- What is Topic Modeling?
- The Data Set
- Scraping the Data
- Preprocessing Data with Spacy to Do Topic Modeling
- Topic Modeling and Clustering
- Visualization and Analysis
- Conclusion
The Netflix platform generates a LOT of data daily! In this article, we will use data set from the Breaking Bad series and deep dive into our brand new solution, and do a topic modeling workflow to automatically assign labels to the series episode names.
Text processing or Natural Language Processing (NLP) is a big part of machine learning. The growing demand from the business perspective for NLP tasks, including topic modeling is outstanding in the current years.
The type of tasks to solve business problems can vary. Starting with the classical NLP techniques such as part of speech (POS) tagging, named entity recognition (NER), morphology analysis, and lemmatization. Moving up to more advanced techniques like text classification, similarity search, question answering, and text generation.
We have developed an extension for KNIME that includes the power of multiple algorithms acknowledged by the NLP community. Our extensions can be easily integrated with Spacy and BERT-based models within KNIME.
In this article, we are going to present a quite common approach – topic modeling. This approach can be applied for analyzing the feedback from customers or even your competitors. In the later case scraping techniques will be of use. This way our example will contain both scraping using Selenium Nodes and text processing using the Redfield NLP Nodes.
What is Topic Modeling?
Before deep diving into our use case, we want to cover the basics here.

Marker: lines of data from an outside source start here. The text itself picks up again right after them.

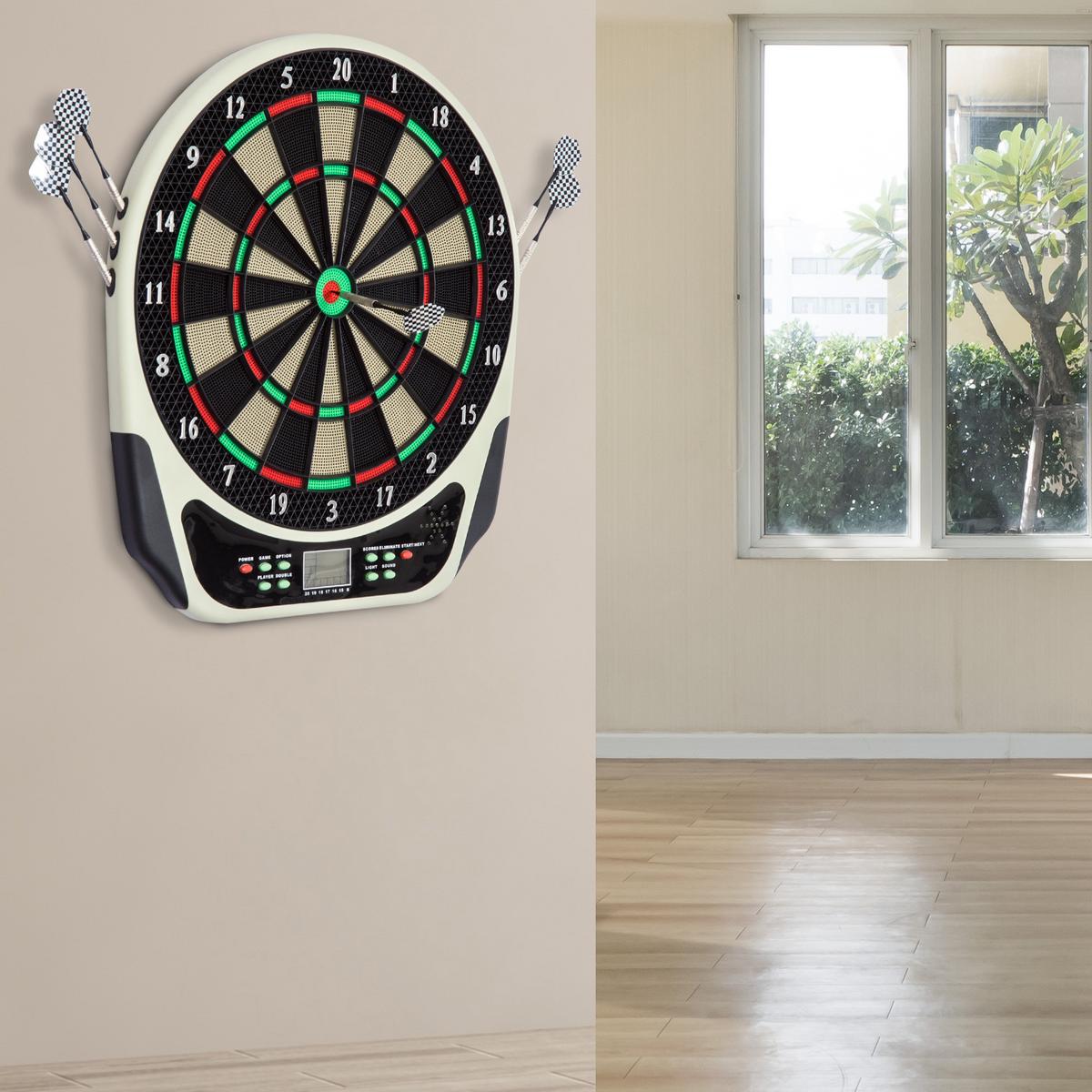 ELEKTRONISCHE Dartscheibe - Schwarz, Kunststoff (50/44cm) - HOMCOM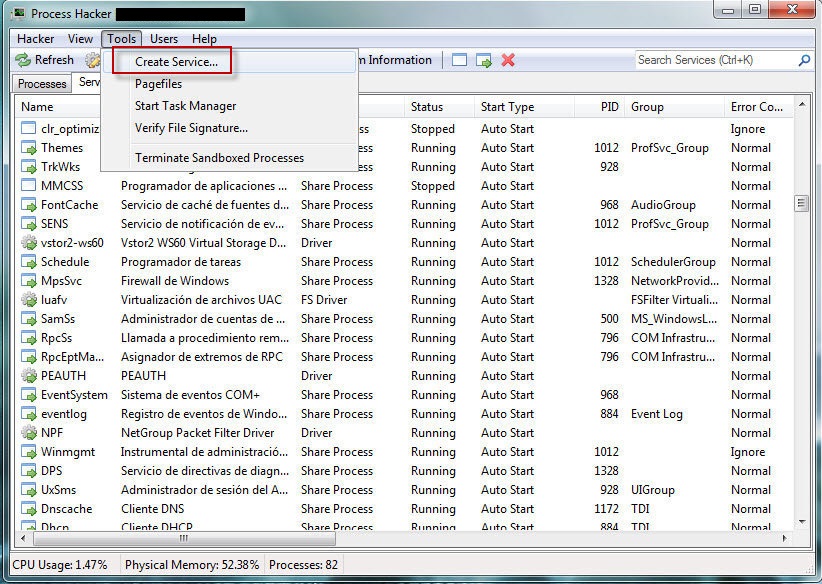 Figura 1: Creando servicio para Windows con Process Hacker.
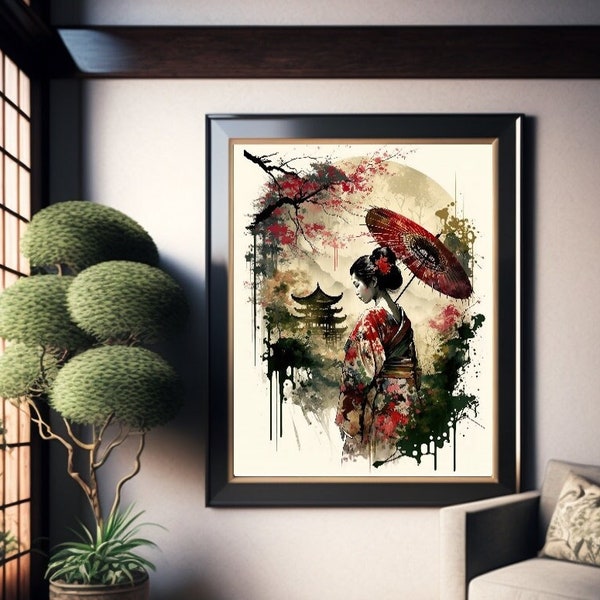Geisha with umbrella in garden and temple. Wall art. Digital wall art. Watercolor. Asian decoration mural. Japan decoration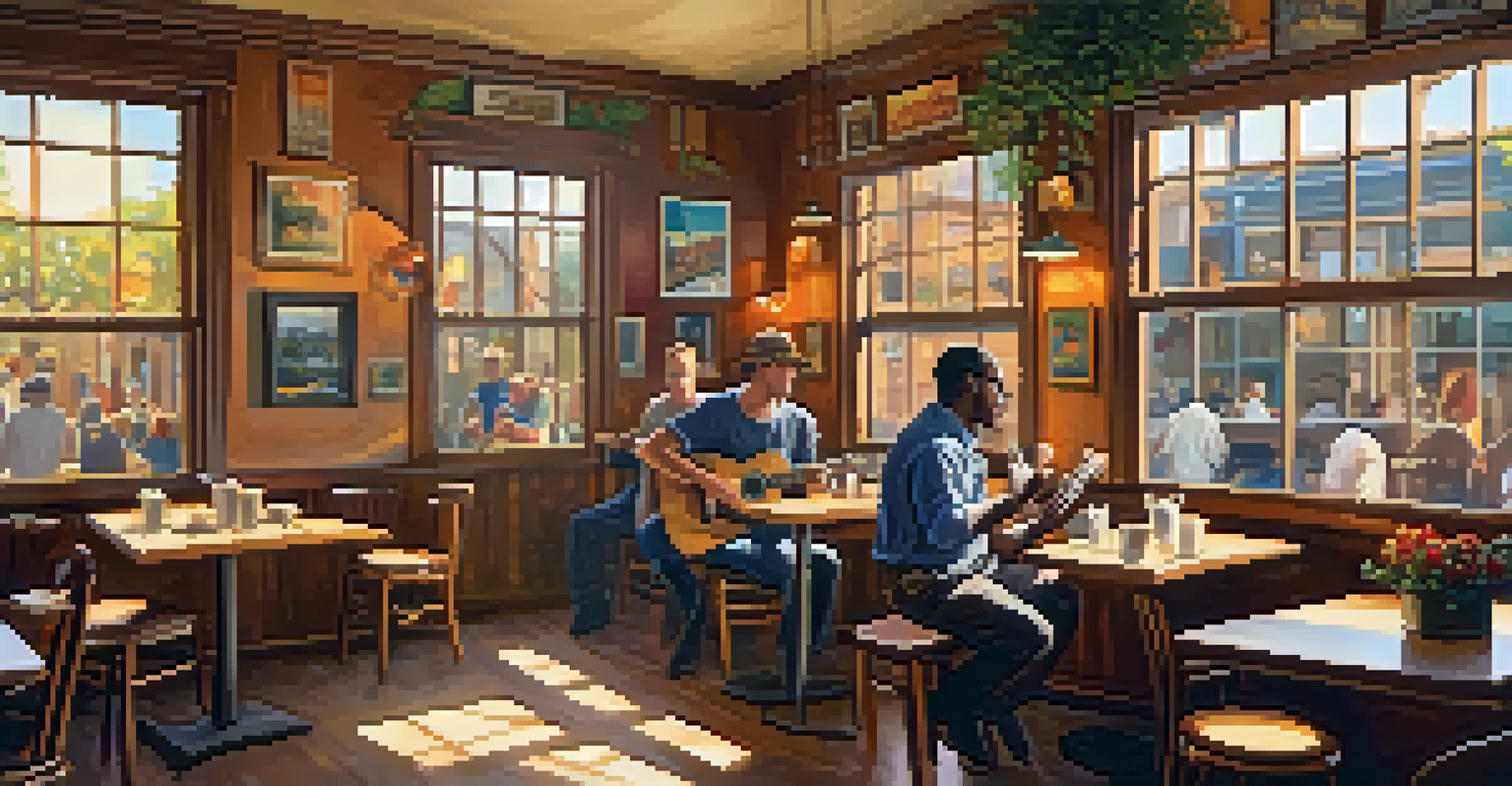 A musician playing an acoustic guitar in a cozy coffee shop filled with warm light and patrons.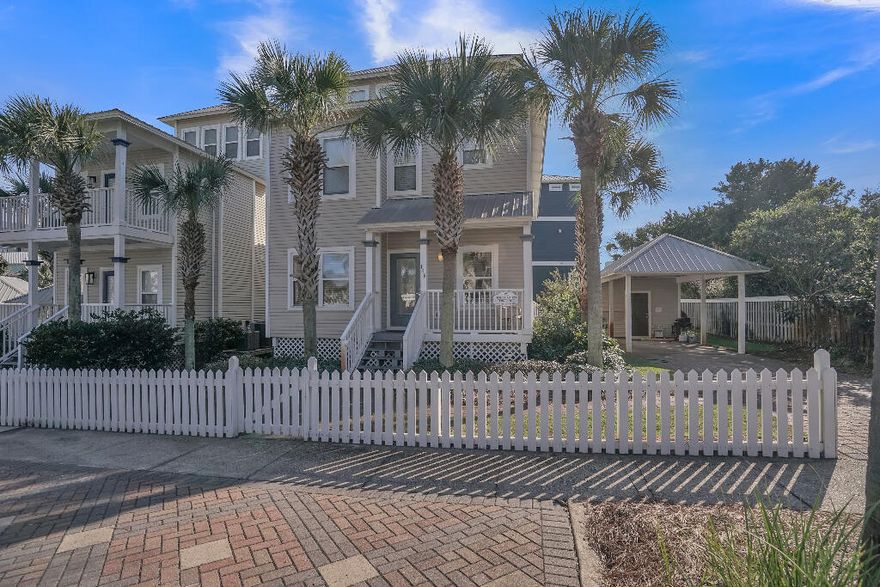 High rental income producing property in one of the only cottage communities near the ocean in Miramar Beach and Destin.  The Gulfside Cottage community boasts a community pool, gazebo, and a walk path to the beach. The walk to the beach is about 120 steps. The cottage boasts a covered parking area with lockable storage unit for beach gear. The interior has had numerous updates in recent years including flooring, full painting, kitchen remodel, and most of the furniture is newer. The 3rd story crows nest boasts ocean views and a 2nd living area/bonus room. The second floor has an open living/dining area and a large wrap-around patio.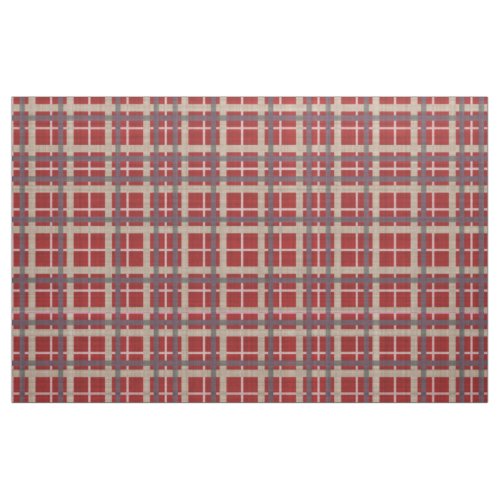 Red Taupe Brown Gray Blue Tartan Squares Pattern Fabric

Topic modeling is a part of text mining that helps to automatically find topics in the text and identify patterns hidden in it. With all data derived from the text, it is easier for a user to interpret the results and make a decision. Unlike rule-based text mining techniques, topic modeling does not use regular expressions and extracts sets of words typical for a specific text. These repeating bunches of words are called “topics” and they are specific for different fields.
The field of application of topic modeling is wide:
- processing large volumes of textual data
- extracting information from unstructured text
- clustering of documents
- feature selection
Most often topic modeling is used for:
- Social media monitoring when you need to know what’s trending on social media.
- In email/ticket filtering you can sort out different types of inquiries or set up your own spam filters.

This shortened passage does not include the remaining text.